-- Task directions --
For the entries below, repeat exactly each line starting with the one that contains "To Let 3 Bedroom" and going on through the one that contains "CHO THUÊ MẶT BẰNG MẶT TIỀN ĐƯỜNG QUANG TRUNG", and no others.

(Brief descriptive captions)
BEGIN
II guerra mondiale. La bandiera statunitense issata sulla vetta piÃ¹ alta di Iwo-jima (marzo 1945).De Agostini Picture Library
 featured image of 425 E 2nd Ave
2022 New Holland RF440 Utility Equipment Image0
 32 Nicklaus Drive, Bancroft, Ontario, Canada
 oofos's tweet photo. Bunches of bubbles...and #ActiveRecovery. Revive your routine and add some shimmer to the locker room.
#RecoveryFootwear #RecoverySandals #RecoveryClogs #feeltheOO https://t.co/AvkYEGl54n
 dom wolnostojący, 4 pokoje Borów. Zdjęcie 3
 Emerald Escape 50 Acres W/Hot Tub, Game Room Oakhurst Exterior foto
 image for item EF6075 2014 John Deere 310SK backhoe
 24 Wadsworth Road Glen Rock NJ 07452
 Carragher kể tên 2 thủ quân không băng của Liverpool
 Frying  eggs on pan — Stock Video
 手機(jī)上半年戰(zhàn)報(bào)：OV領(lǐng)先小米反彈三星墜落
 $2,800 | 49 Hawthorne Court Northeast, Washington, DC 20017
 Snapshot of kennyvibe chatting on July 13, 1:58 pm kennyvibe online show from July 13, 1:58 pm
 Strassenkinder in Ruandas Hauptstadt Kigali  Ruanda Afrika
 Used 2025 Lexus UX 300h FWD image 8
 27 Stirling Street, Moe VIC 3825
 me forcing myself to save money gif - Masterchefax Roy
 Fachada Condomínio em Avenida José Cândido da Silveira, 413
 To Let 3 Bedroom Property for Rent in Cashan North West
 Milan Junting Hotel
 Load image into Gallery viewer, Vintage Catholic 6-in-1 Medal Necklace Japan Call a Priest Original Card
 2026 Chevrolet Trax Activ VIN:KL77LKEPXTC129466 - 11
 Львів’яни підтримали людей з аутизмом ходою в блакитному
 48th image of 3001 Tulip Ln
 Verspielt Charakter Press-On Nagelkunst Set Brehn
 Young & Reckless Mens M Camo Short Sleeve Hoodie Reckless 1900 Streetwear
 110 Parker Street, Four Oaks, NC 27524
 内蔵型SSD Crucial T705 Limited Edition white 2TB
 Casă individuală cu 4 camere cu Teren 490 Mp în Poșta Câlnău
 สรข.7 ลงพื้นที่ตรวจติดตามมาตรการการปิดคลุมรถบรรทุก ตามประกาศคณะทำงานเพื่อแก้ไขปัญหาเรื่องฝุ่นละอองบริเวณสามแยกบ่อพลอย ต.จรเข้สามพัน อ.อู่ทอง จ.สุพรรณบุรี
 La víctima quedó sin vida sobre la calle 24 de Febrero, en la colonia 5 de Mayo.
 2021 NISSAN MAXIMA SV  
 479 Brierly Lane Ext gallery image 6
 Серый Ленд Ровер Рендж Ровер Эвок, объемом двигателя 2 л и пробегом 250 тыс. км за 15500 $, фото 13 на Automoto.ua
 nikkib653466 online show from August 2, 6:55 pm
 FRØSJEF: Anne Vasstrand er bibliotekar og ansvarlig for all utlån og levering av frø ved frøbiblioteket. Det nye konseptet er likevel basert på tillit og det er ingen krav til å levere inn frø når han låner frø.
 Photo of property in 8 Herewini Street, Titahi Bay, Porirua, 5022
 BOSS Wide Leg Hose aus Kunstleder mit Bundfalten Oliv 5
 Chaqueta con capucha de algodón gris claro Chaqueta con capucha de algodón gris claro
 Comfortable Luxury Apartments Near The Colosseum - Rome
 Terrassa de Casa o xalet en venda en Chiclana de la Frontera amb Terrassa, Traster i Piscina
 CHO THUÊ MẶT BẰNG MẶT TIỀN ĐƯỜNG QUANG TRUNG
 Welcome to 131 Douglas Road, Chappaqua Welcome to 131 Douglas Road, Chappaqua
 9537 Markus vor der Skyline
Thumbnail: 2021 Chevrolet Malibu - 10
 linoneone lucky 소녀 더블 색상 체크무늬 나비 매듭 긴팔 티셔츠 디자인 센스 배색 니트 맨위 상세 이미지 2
END
-- Exercise solution --
 To Let 3 Bedroom Property for Rent in Cashan North West
 Milan Junting Hotel
 Load image into Gallery viewer, Vintage Catholic 6-in-1 Medal Necklace Japan Call a Priest Original Card
 2026 Chevrolet Trax Activ VIN:KL77LKEPXTC129466 - 11
 Львів’яни підтримали людей з аутизмом ходою в блакитному
 48th image of 3001 Tulip Ln
 Verspielt Charakter Press-On Nagelkunst Set Brehn
 Young & Reckless Mens M Camo Short Sleeve Hoodie Reckless 1900 Streetwear
 110 Parker Street, Four Oaks, NC 27524
 内蔵型SSD Crucial T705 Limited Edition white 2TB
 Casă individuală cu 4 camere cu Teren 490 Mp în Poșta Câlnău
 สรข.7 ลงพื้นที่ตรวจติดตามมาตรการการปิดคลุมรถบรรทุก ตามประกาศคณะทำงานเพื่อแก้ไขปัญหาเรื่องฝุ่นละอองบริเวณสามแยกบ่อพลอย ต.จรเข้สามพัน อ.อู่ทอง จ.สุพรรณบุรี
 La víctima quedó sin vida sobre la calle 24 de Febrero, en la colonia 5 de Mayo.
 2021 NISSAN MAXIMA SV  
 479 Brierly Lane Ext gallery image 6
 Серый Ленд Ровер Рендж Ровер Эвок, объемом двигателя 2 л и пробегом 250 тыс. км за 15500 $, фото 13 на Automoto.ua
 nikkib653466 online show from August 2, 6:55 pm
 FRØSJEF: Anne Vasstrand er bibliotekar og ansvarlig for all utlån og levering av frø ved frøbiblioteket. Det nye konseptet er likevel basert på tillit og det er ingen krav til å levere inn frø når han låner frø.
 Photo of property in 8 Herewini Street, Titahi Bay, Porirua, 5022
 BOSS Wide Leg Hose aus Kunstleder mit Bundfalten Oliv 5
 Chaqueta con capucha de algodón gris claro Chaqueta con capucha de algodón gris claro
 Comfortable Luxury Apartments Near The Colosseum - Rome
 Terrassa de Casa o xalet en venda en Chiclana de la Frontera amb Terrassa, Traster i Piscina
 CHO THUÊ MẶT BẰNG MẶT TIỀN ĐƯỜNG QUANG TRUNG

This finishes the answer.